|Juanita faithfully cleaned houses to make ends meet during filming.|
Many advocacy groups for entertainers believe that reality stars, adults and children alike, should be treated as SAG members and paid fairly for their work (SAG regulations require that actors make a minimum of $4,800 per week). However some reality show productions do not pay, often because they cannot afford to.
Such was the case for filmmaker David Sutherland, the creator of The Farmer's Wife. His tight budget simply didn't allow him to give the Buschkoetters any payment for their three years of work. He even dipped into his retirement savings to fund the $1.3 million project. (Many donations from around the country however came in once the show aired.)
The result was a virtually untouched, brutally honest story of one family's struggle to make ends meet and save a marriage.
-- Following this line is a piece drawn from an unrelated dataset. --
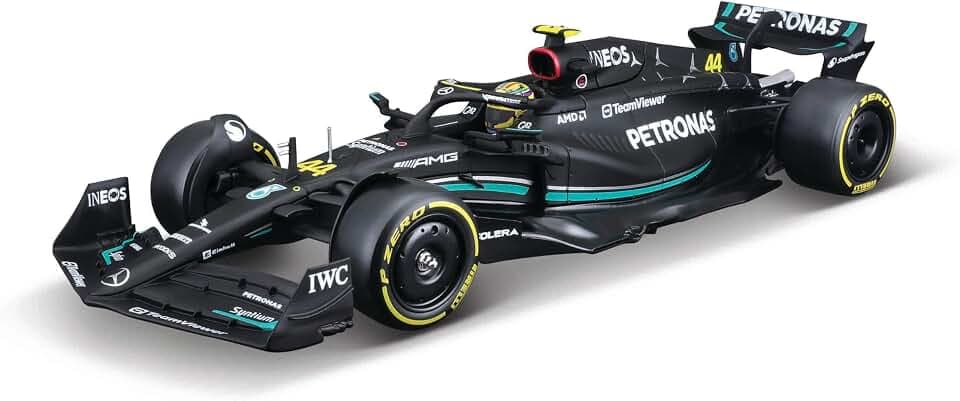 Bburago 1:24 F1 Mercedes AMG W14 E mit Helm, Hardcase #44 Hamilton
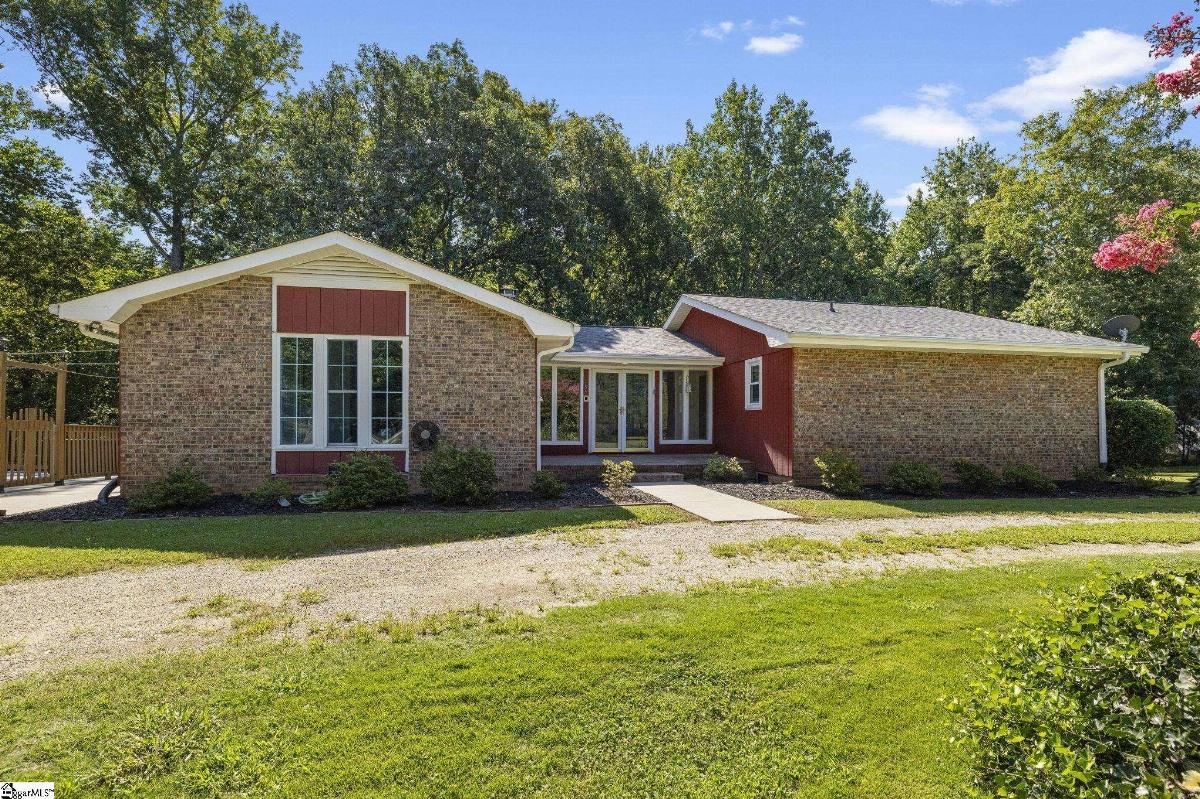 195 Pine Trace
The filmmaking was so intimate, the crew even once followed Juanita to a meeting with a particularly stubborn creditor as she negotiated their debt with him, successfully.
There were no "make-over" episodes or luxurious trips or other nonsense. Instead we watched a family fall down, hard, then pick themselves up, brush themselves off and figure out a way to make it on their own. If Sutherland had paid the family, it certainly would have helped them put food on the table. But would the story be as "pure"? Would we still be talking about this film fifteen years later? Probably not.
"It's tough watching it," Juanita was once quoted, "Only because it's really what life was like the last three years, really real."
Indeed, the "realest reality show" ever was not Jon and Kate. It was The Farmer's Wife.